Task description: If the records include pictures, omit them and set down everything else verbatim.

________________________________________

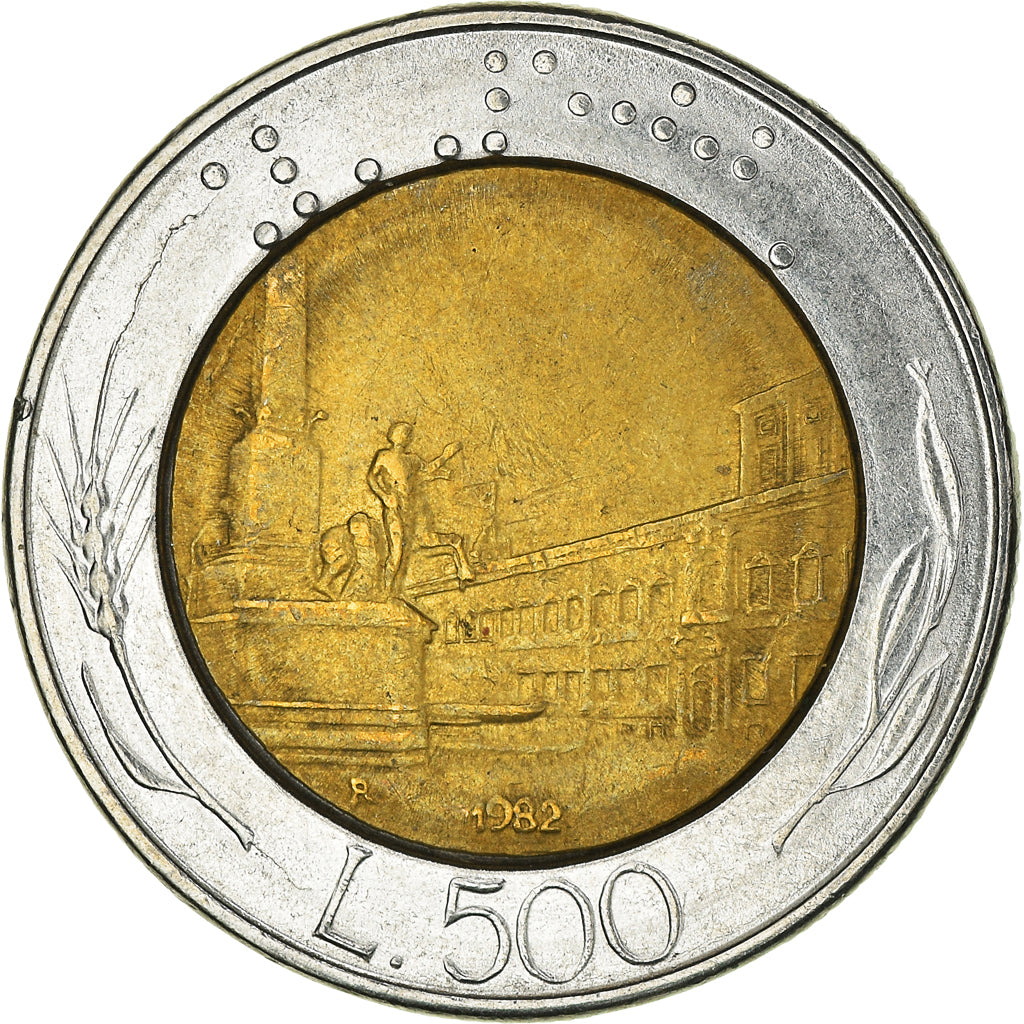 Coin, Italy, 500 Lire, 1982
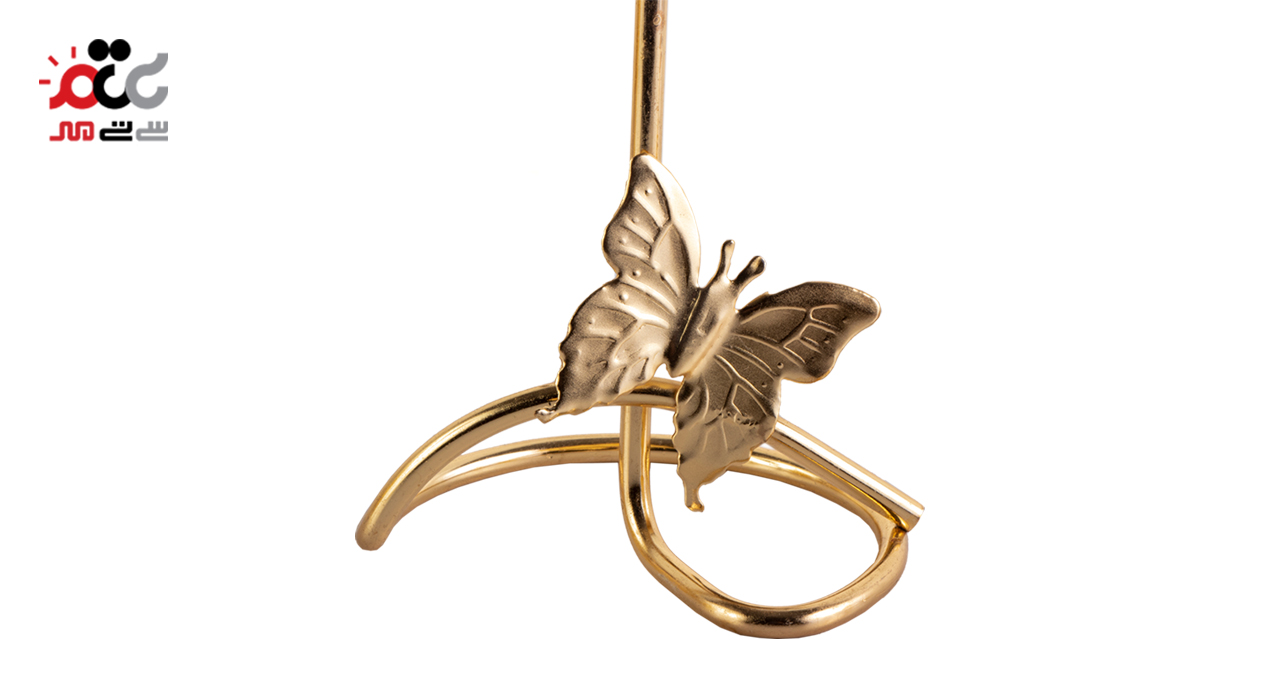 جا شمعی فلزی طرح پروانه مجموعه 3 عددی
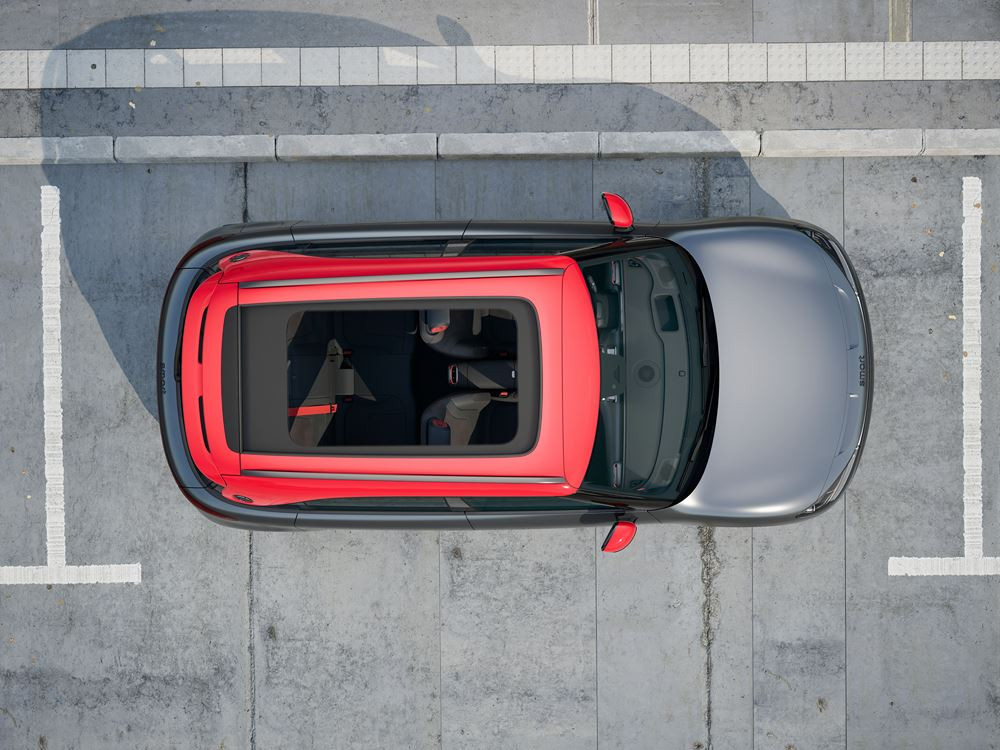 Le SUV urbain cinq places électrique smart #1 Brabus développe 428 ch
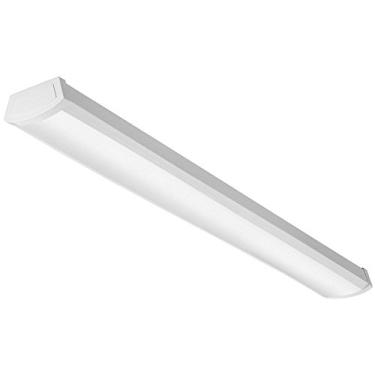 Imagem de Lithonia Lighting FMLWL 48 835 Luz de teto de montagem embutida LED, luminária envolvente para cozinha, lavanderia, garagem e muito mais, 1,5 m, branco neutro 3500K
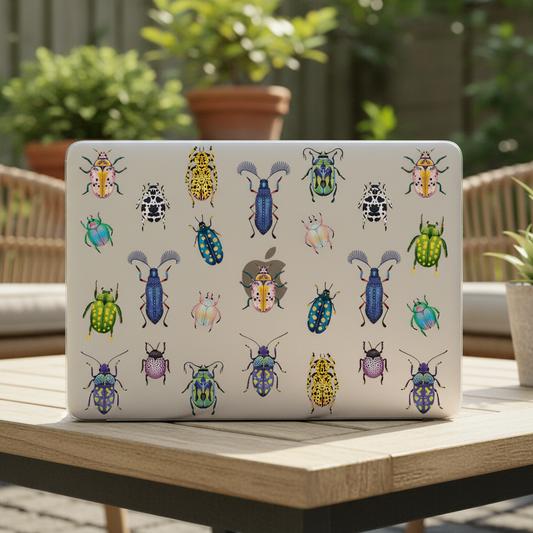 Beetles - Clear MacBook Case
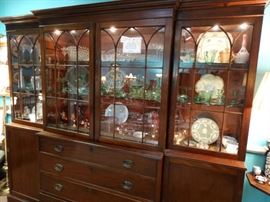 1840 Gothic Mahogany Breakfornt (Breaks down into 6 parts for easy transport)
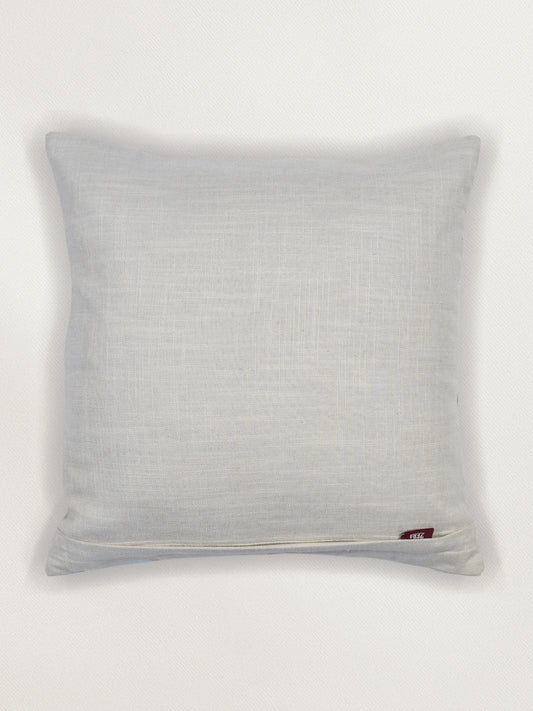 Patti Work Modern Cushion Cover 16 Inch x 16 Inch | Leather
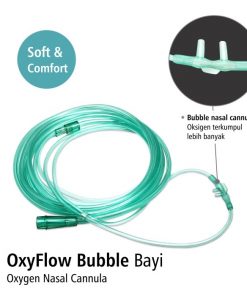Oxyflow Bubble Nasal Canule Oxygen Selang Oksigen Bayi Besmed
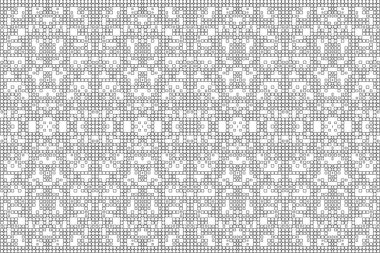 Soyut arkaplan. Monokrom dokusu. Beyaz arkaplanda siyah beyaz çizgiler.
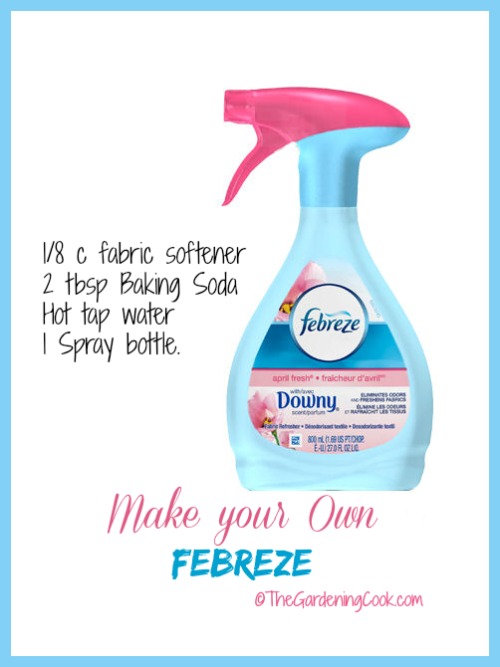 Home Made Febreze – Just 15c a bottle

________________________________________

Answer for the task:
 Coin, Italy, 500 Lire, 1982
 جا شمعی فلزی طرح پروانه مجموعه 3 عددی
 Le SUV urbain cinq places électrique smart #1 Brabus développe 428 ch
 Imagem de Lithonia Lighting FMLWL 48 835 Luz de teto de montagem embutida LED, luminária envolvente para cozinha, lavanderia, garagem e muito mais, 1,5 m, branco neutro 3500K
 Beetles - Clear MacBook Case
 1840 Gothic Mahogany Breakfornt (Breaks down into 6 parts for easy transport)
 Patti Work Modern Cushion Cover 16 Inch x 16 Inch | Leather
Oxyflow Bubble Nasal Canule Oxygen Selang Oksigen Bayi Besmed
 Soyut arkaplan. Monokrom dokusu. Beyaz arkaplanda siyah beyaz çizgiler.
 Home Made Febreze – Just 15c a bottle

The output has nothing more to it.